[noise] Signatures, and QUIC example
Trevor Perrin
trevp at trevp.net
Wed Mar 25 02:13:38 PDT 2015
On Wed, Mar 25, 2015 at 1:41 AM, Tony Arcieri <bascule at gmail.com> wrote:
> I hope I'm not off-topic here, but I have a general question about
> signatures.
>
> Noise's pure-DH approach to both authentication and key exchange was quite
> appealing to me, but most of the use cases I deal with in practice involving
> TLS tend to include a signature verification chain, and we now always
> leverage an intermediate cert as we try to keep the primaries completely
> offline and put the intermediaries in HSMs.
>
> Should these use cases involve signatures, and if they do, should signatures
> be used in the traditional TLS-style role and D-H only be used for
> exchanging ephemeral keys? In for a penny, in for a pound as you will...

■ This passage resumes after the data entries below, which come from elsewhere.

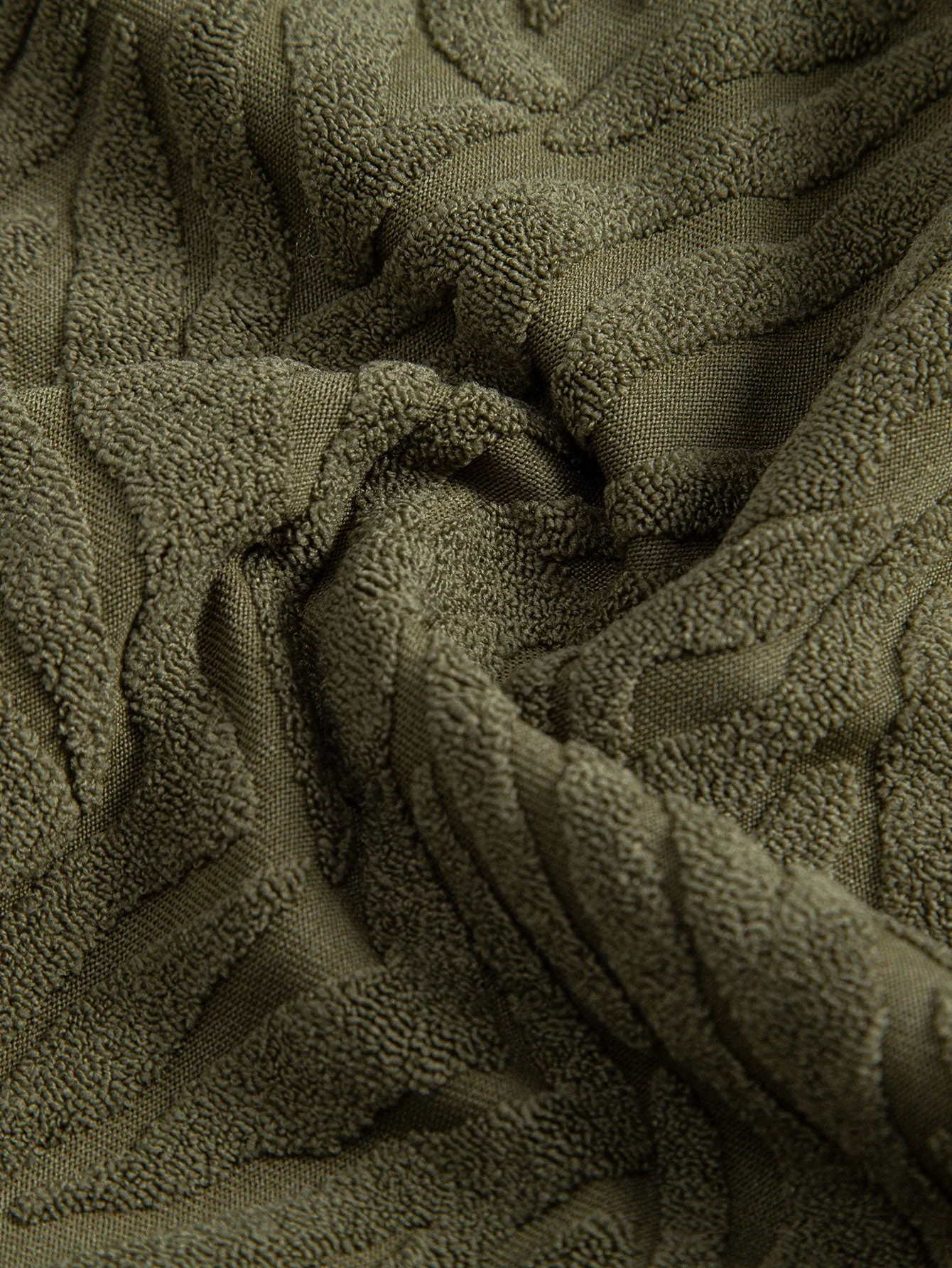 Oreste® | Animal Texture Terry Shorts - Image 8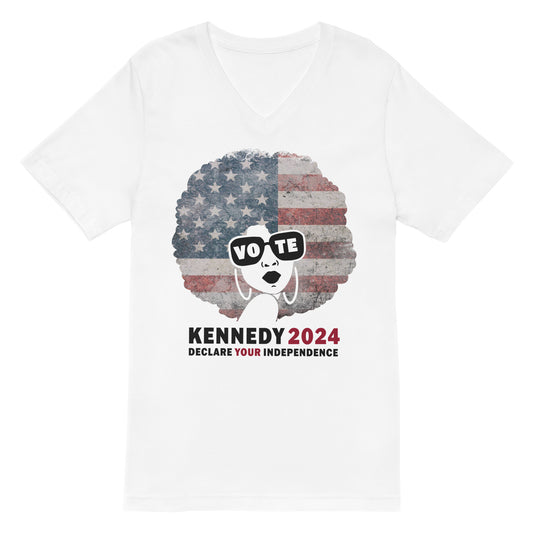 Vote Kennedy 2024, American Flag Afro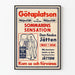Vintage plakat af finsk udstilling med Väinö Myllyrinne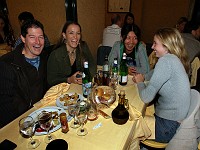  Dinner time. John, Marcia, Tamaki, Lynn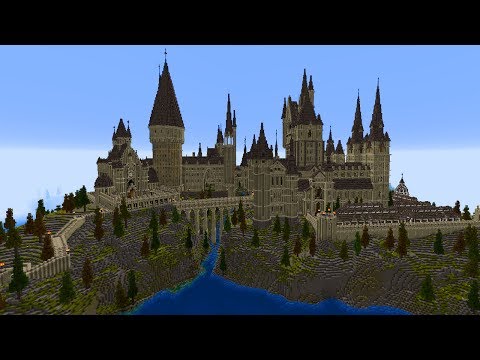 SparkofPhoenix -  Hogwarts from Harry Potter in Minecraft!  TONS OF DETAILS!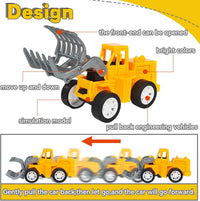 OJYUDD 24 mini pull back construction vehicles in yellow and black - view 5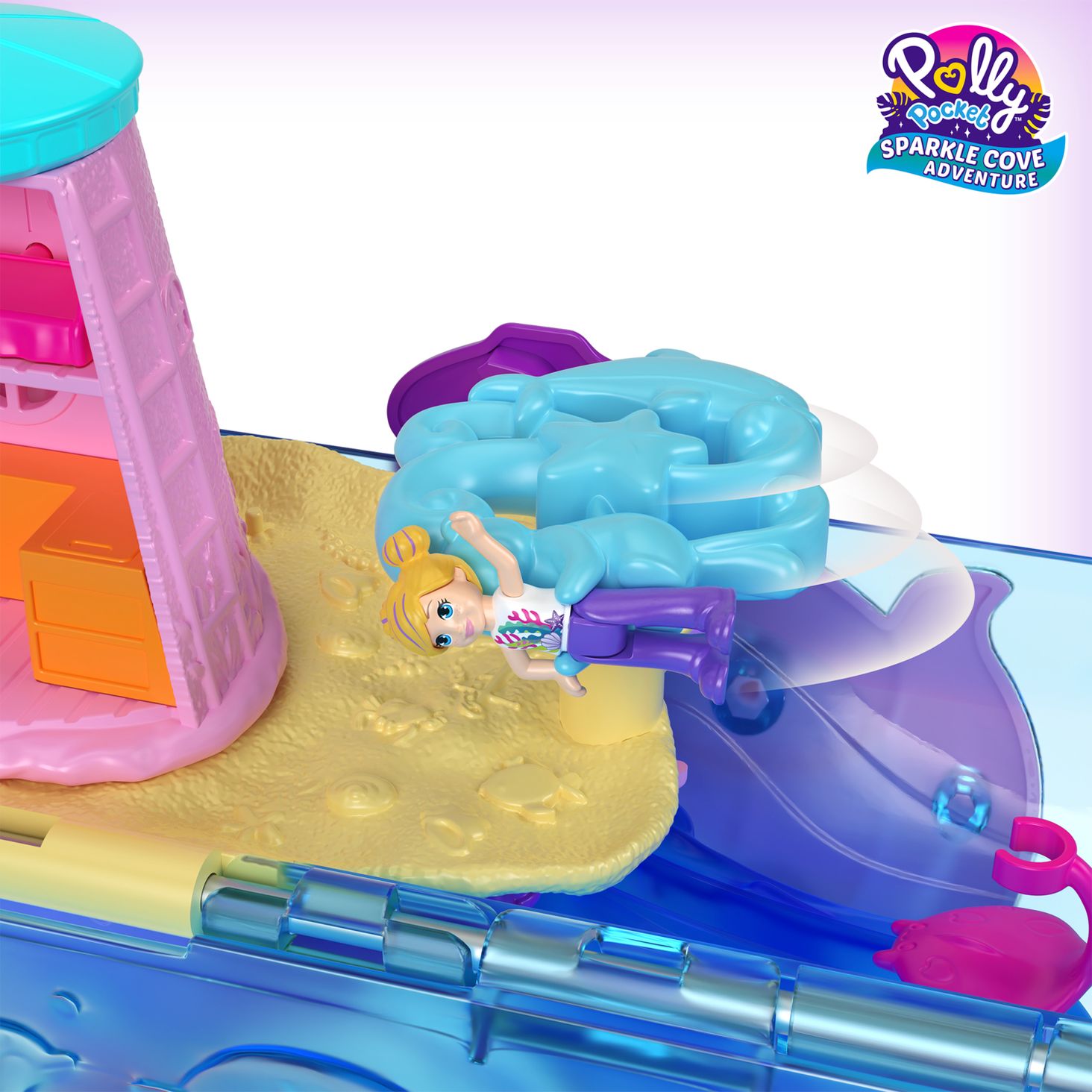 Polly Pocket Wyspa skarbów Kuferek 3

It's a good question - if you have cert chains, then at least one
party has signature verification.
But that doesn't mean signing code is always needed. And using DH to
authenticate the long-term key means:
- you're not transmitting an extra signature
- typically better deniability, though the details matter
- can reduce ordering constraints (i.e. you can encrypt proactively
based on a DH, you don't have to wait for the signature)
- includes entropy in the session key from static as well as
ephemeral keys, i.e. can add robustness in case the RNG for ephemeral
key is weak, or ephemeral key gets compromised.
On the flip side, DH-based auth depends on the verifying-party's
ephemeral private key, so is not robust if that key is weak, and not
applicable if you need arbitrary verification (signed prekeys, or
other signed documents). And the hardness assumptions for DH change
slightly when keys are reused.
Anyways, I generally prefer DH in this sort of protocol *except* for
signed prekeys or statements. Some people might feel differently, but
if Noise could support both then the debate is less important.